---- RECORDS PROVIDED

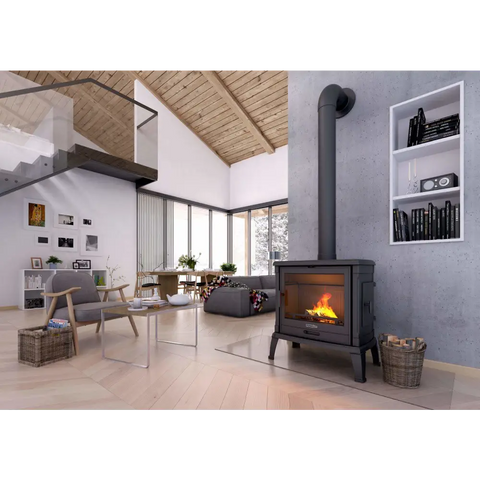 Nordflam - Toria Fireplace, 13-15kW - MultiFire - Fireplace Specialists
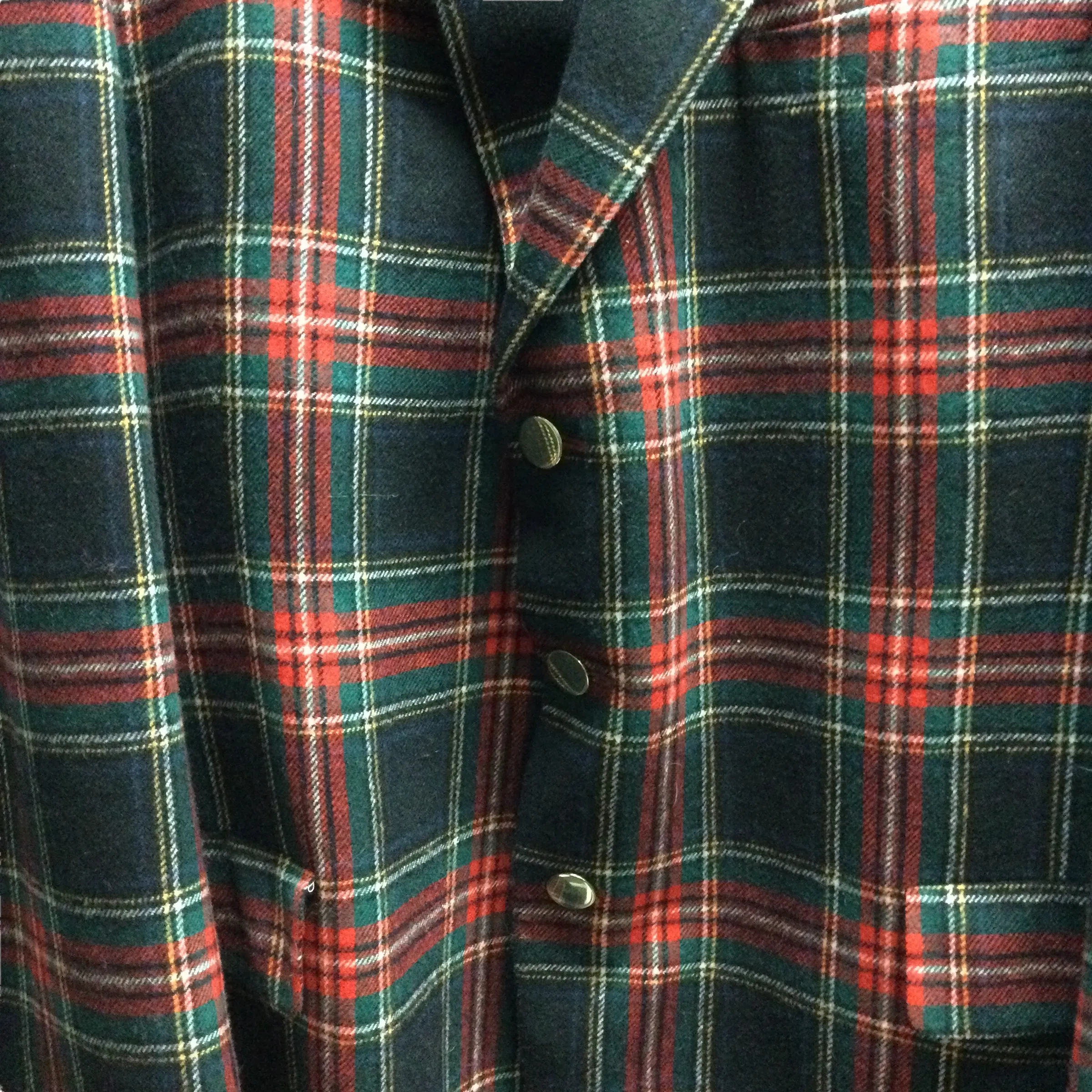 Plaid Blazer by Cambridge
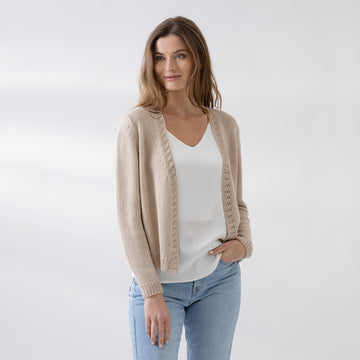 String Natalie Cardigan Knitting Pattern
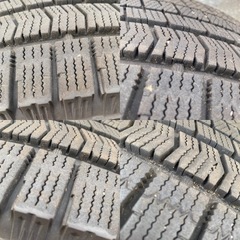 決まりました！ブリヂストンスタットレス225/55R17  VRX2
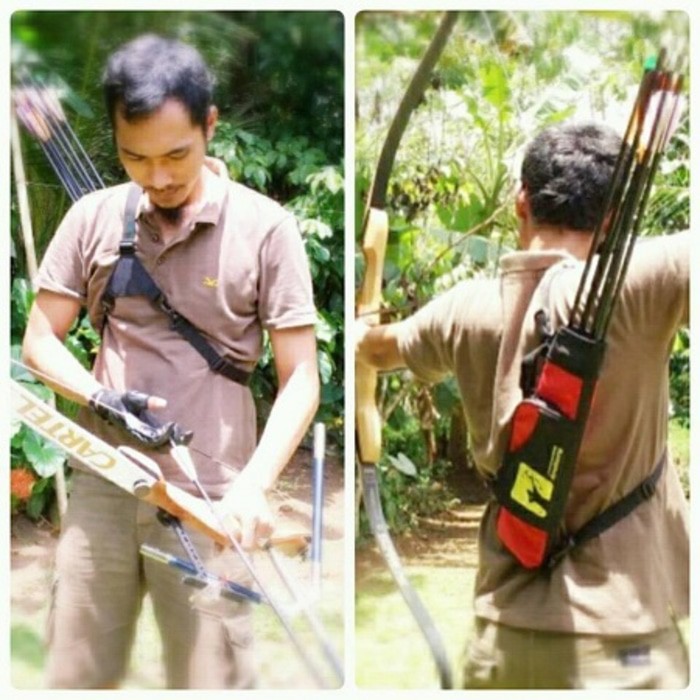 Tas Anak Panah / Quiver Panahan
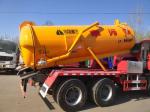 Used Howo 336 Sewage Suction/Vacuum Truck Your Solution for Industrial Cleaning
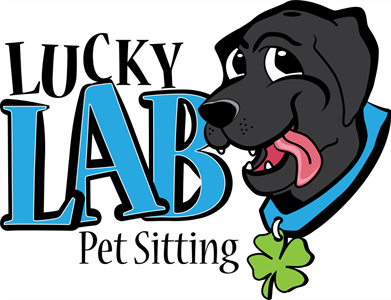 Lucky Lab Pet Sitting logo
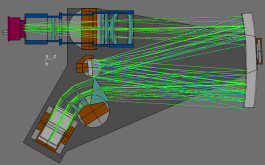2016/12 - The SPIRou spectrograph optical design realised by Patrick Rabou from IPAG (©IPAG, Grenoble)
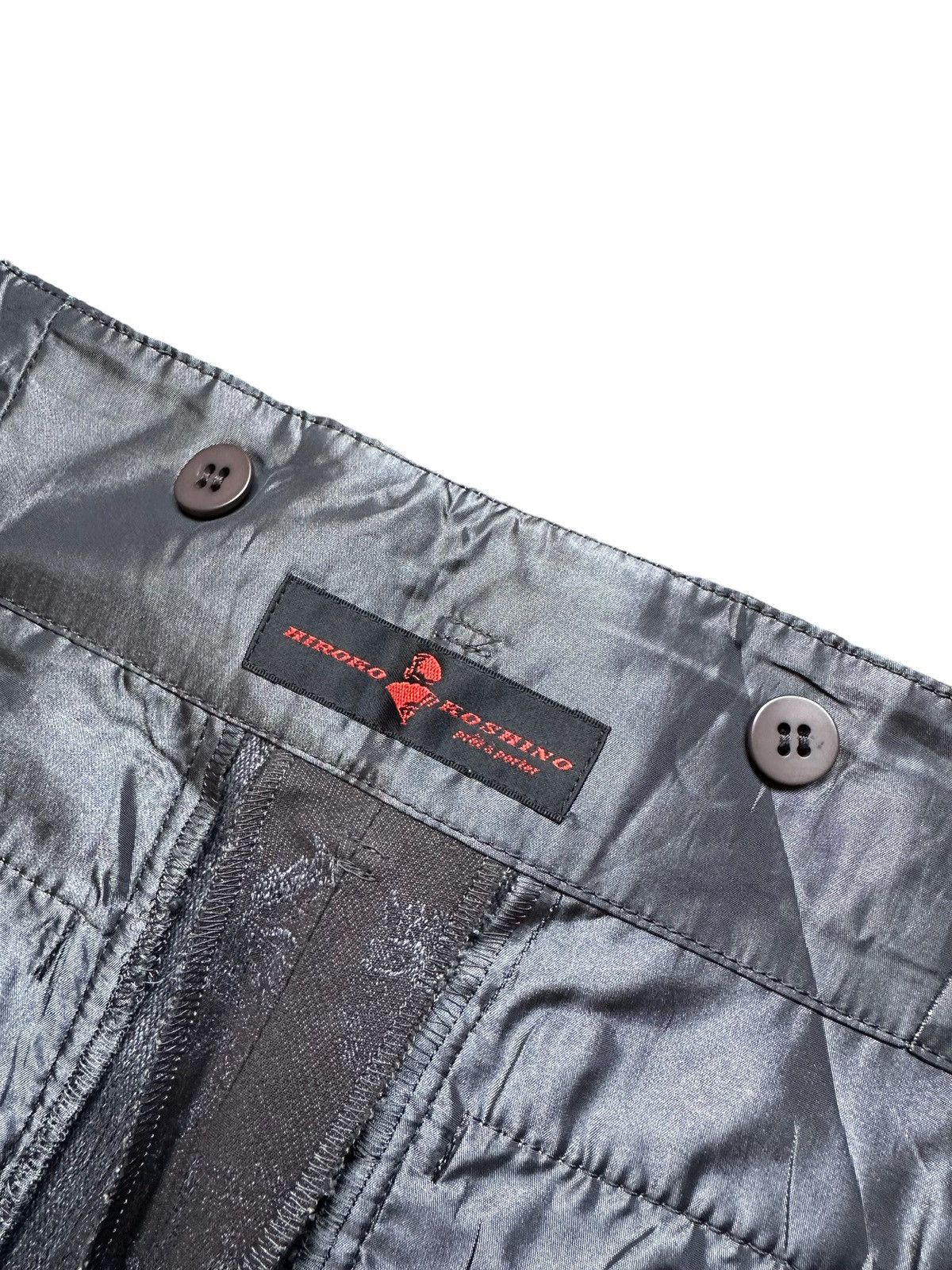 Hiroko Koshino Homme × Junko Shimada Hiroko Koshino Pret a Porter collection pant Size US 32 / EU 48 - 3 Thumbnail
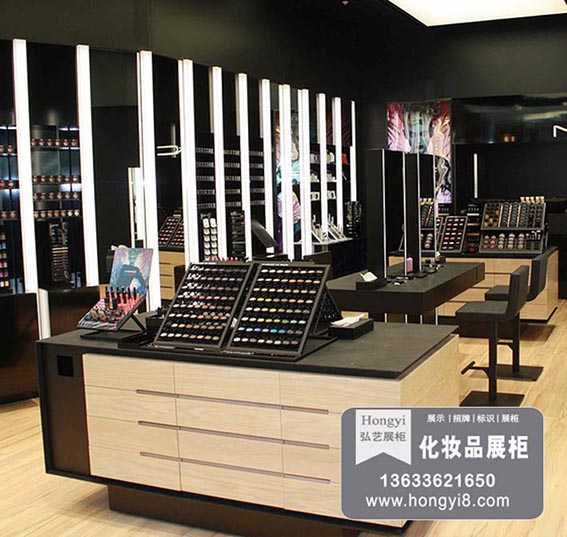 訂做化妝品類展示柜 陳列柜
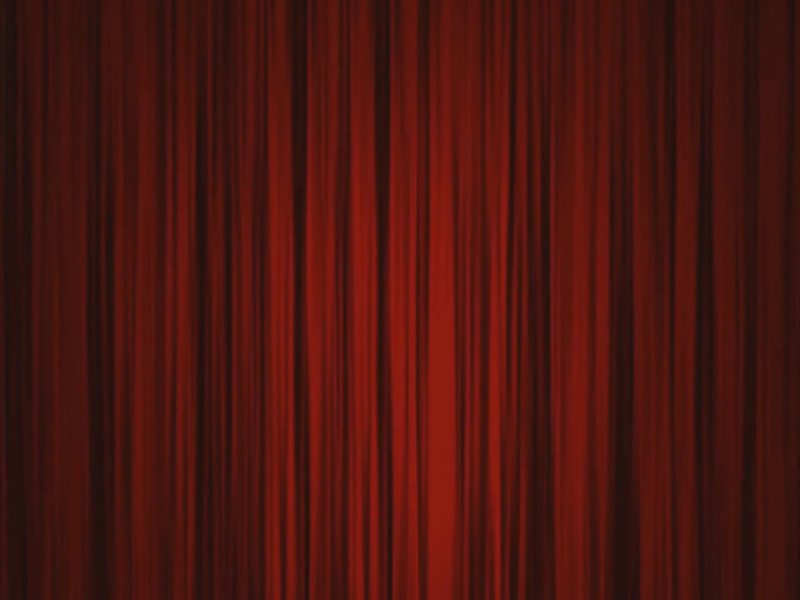 Красный занавес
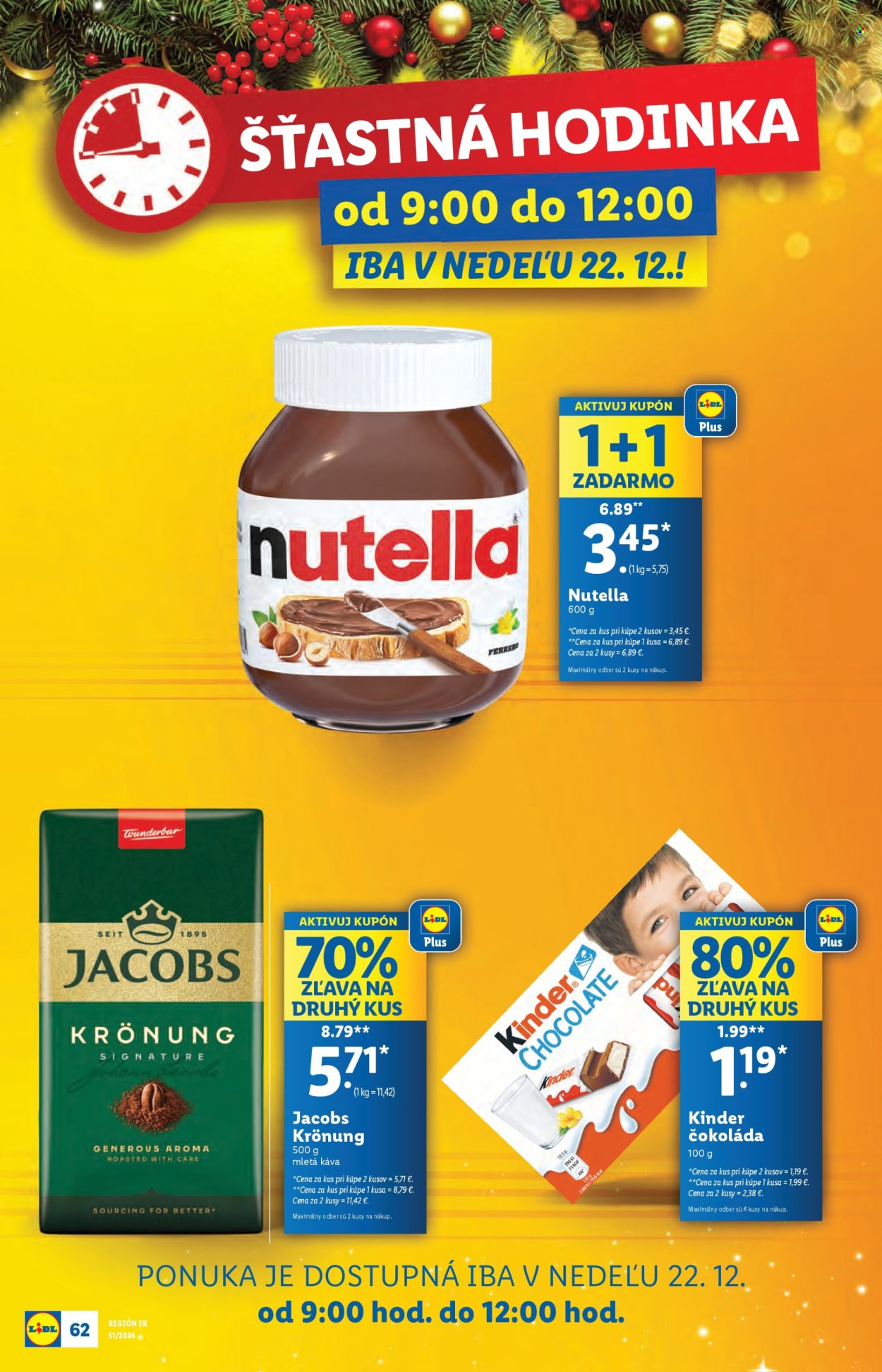 Leták Lidl - 16.12.2024 - 24.12.2024. Strana 74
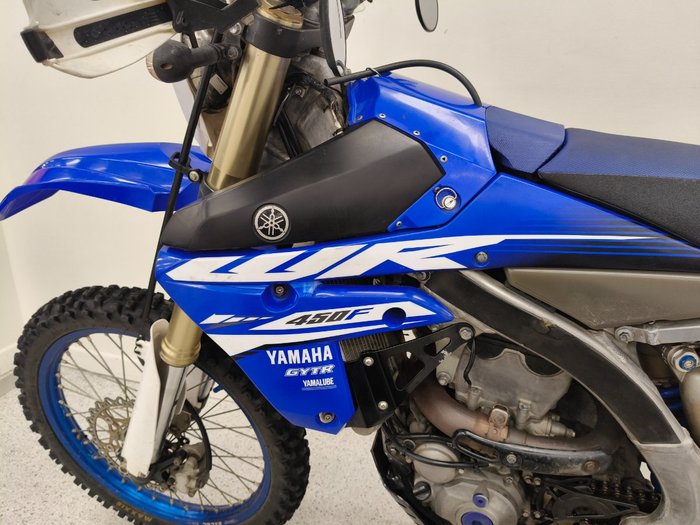2018 YAMAHA WR450F Blue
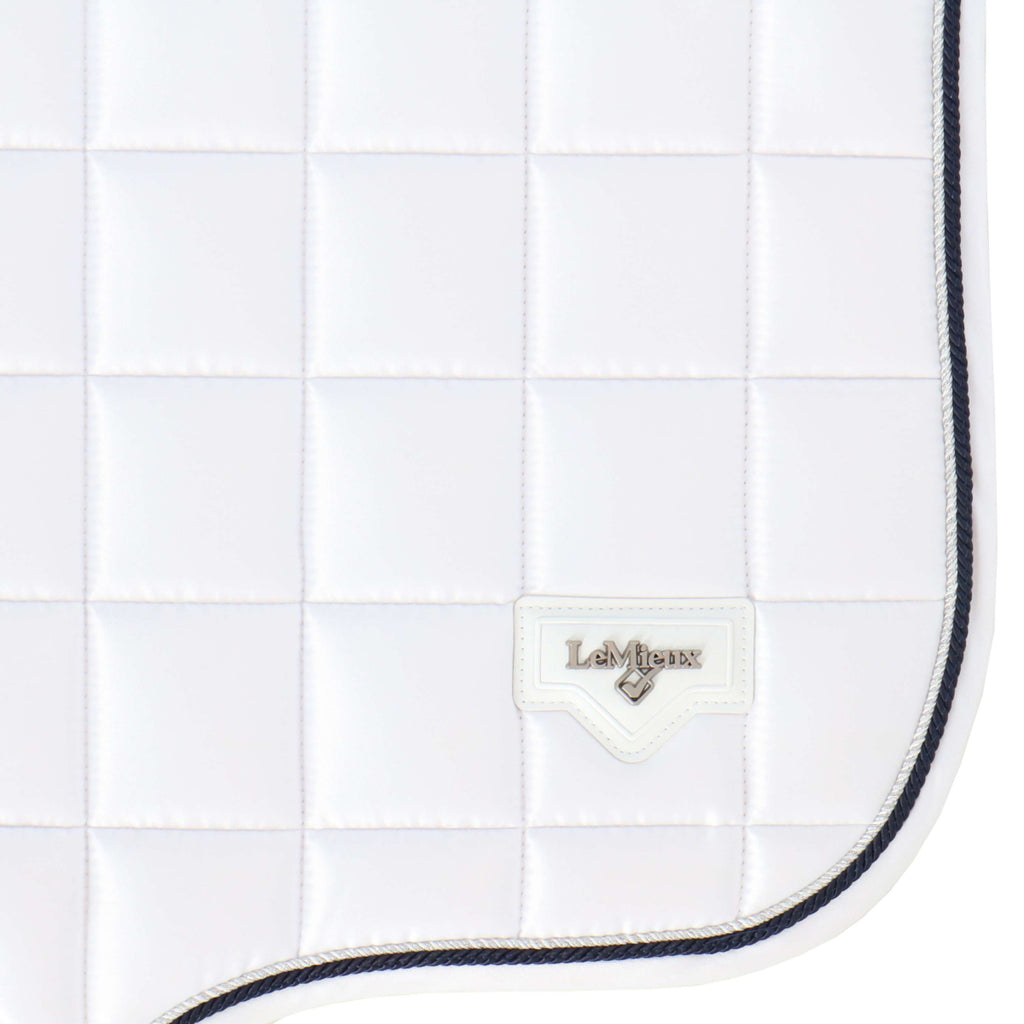 LeMieux Saddlepad Loire General Purpose White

--------

Every line from the one with "Leták Lidl - 16.12.2024" through the end of the records is to be reproduced exactly, and the pictures are to be left out.

 Leták Lidl - 16.12.2024 - 24.12.2024. Strana 74
2018 YAMAHA WR450F Blue
 LeMieux Saddlepad Loire General Purpose White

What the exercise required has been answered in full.